Wenn etwas bedenklich ist, dann eher die Panikpraxis. So meldete beispielsweise die Wetter App des Weather Channel an den jüngsten heißen Tagen als Luftqualität »sehr schlecht«. Das auf einem Dorf, blauer Himmel – doch Menschen in Panik, weil die App drohende Gefahr zeigte. Dass das rein rechnerische Werte waren, konnte nur wenige beruhigen. Der Grund war schnell gefunden: Der Gehalt an Ozon stieg an den sonnigen Nachmittagen an, um Abends dann wieder abzufallen. Ozon ist zwar ein Reizgas, an einem heißen Nachmittag wird jedoch kaum jemand ausgiebig Sport betreiben.

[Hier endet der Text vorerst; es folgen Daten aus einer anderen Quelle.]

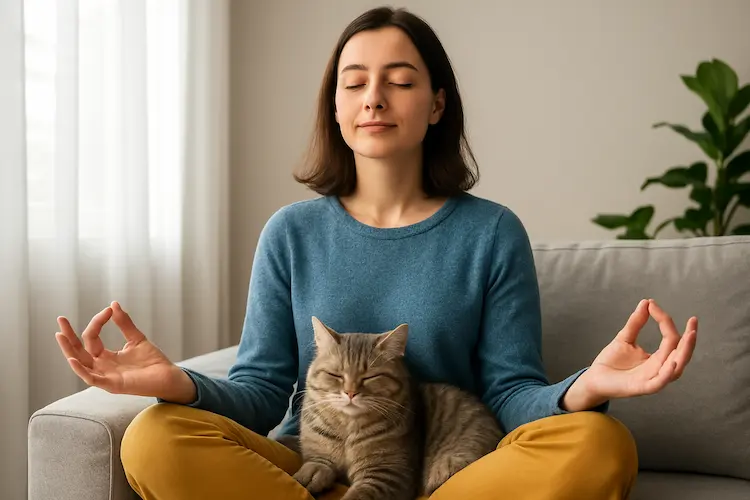 meditação com gatos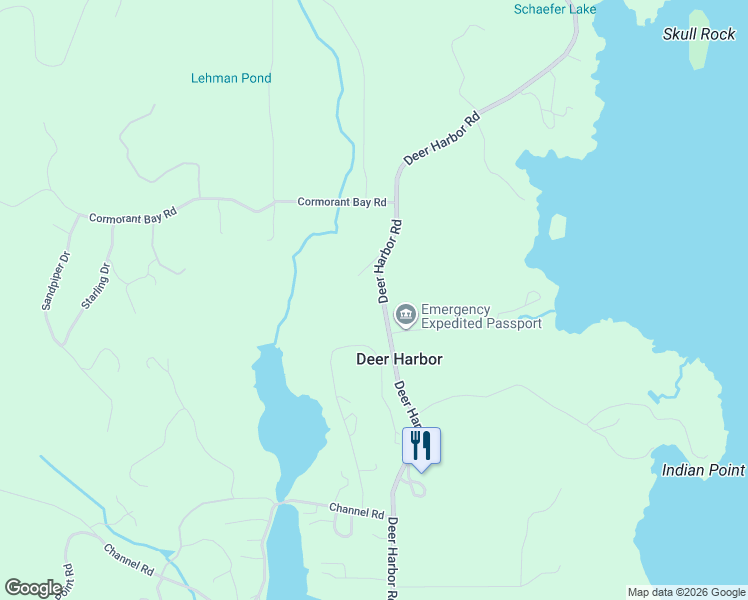 map of restaurants, bars, coffee shops, grocery stores, and more near 4319 Deer Harbor Road in Eastsound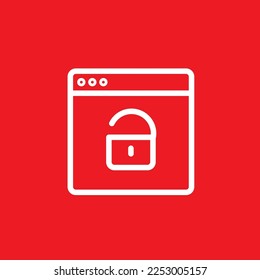 Desbloquear el icono de la línea de ventana. Plantilla de recursos gráficos, ilustración vectorial.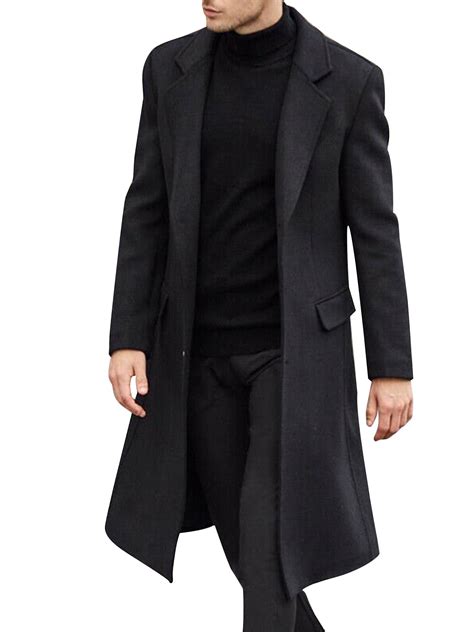 mens winter warm wool coat lapel trench outwear overcoat long jacket solid british slim fit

Geholfen hätten Dieselmotoren, deren Emissionen die Luft von Ozon befreien und somit die Ozonbelastung senken. Wie hier bei TE die beiden Wissenschaftler Prof. Dr. Paul Tavan und Dr. Robert Denschlag in einer Studie den aktuellen Stand der Wissenschaft zur Zusammensetzung und Toxizität der Abgase moderner Dieselmotoren zusammengefasst haben, funktioniert der Prozess folgendermaßen:

Das dem Auspuff entweichende Stickstoffmonoxid (NO) reagiert mit Ozon (O3) zu Stickstoffdioxid (NO2) und Luftsauerstoff (O2). Tagsüber kann sich dieser Prozess unter der Einwirkung der solaren UV-Strahlung auch zum Teil umkehren. Es entstehen dann erneut Stickstoffmonoxid und das zuvor aus der Atmosphäre entnommene Ozon. Sobald die Sonneneinstrahlung nachlässt, kehrt sich dieser Prozess um: Das photochemisch entstandene stark toxische Ozon verschwindet wieder und erzeugt dabei aus dem ungiftigen Stickstoffmonoxid das viel weniger toxische Stickstoffdioxid. Deswegen übrigens werden die Ozonwerte zum Beispiel in Stuttgart nicht in der Innenstadt am Neckartor, sondern draußen neben dem Kurpark Bad Cannstatts gemessen.

Aber das passt zu keiner Panikmache.